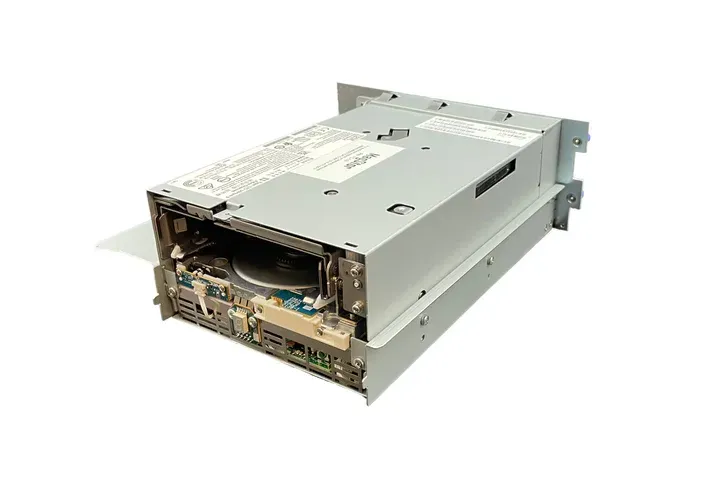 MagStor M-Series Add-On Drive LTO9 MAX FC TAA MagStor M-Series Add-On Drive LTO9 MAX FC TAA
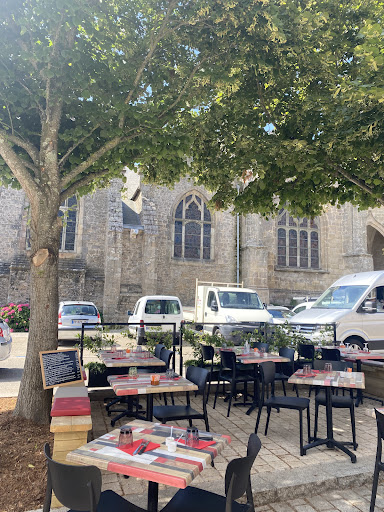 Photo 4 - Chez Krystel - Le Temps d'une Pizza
==
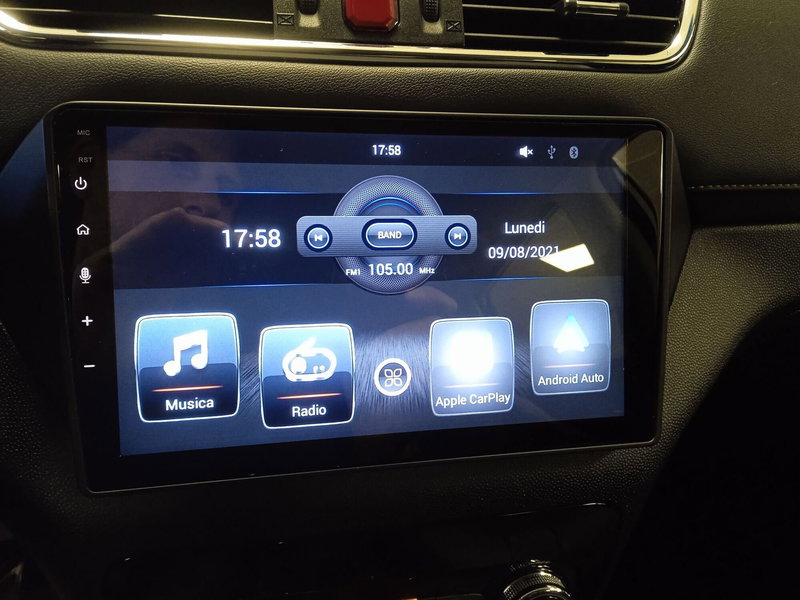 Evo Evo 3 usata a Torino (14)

== WHAT IS NEEDED ==
Output exactly those lines of the data above that run from the line with "MagStor M-Series Add-On Drive LTO9 MAX FC TAA MagStor" up to and including the line with "Photo 4 - Chez". No pictures go in.

== REPLY TO THE EXERCISE ==
 MagStor M-Series Add-On Drive LTO9 MAX FC TAA MagStor M-Series Add-On Drive LTO9 MAX FC TAA
 Photo 4 - Chez Krystel - Le Temps d'une Pizza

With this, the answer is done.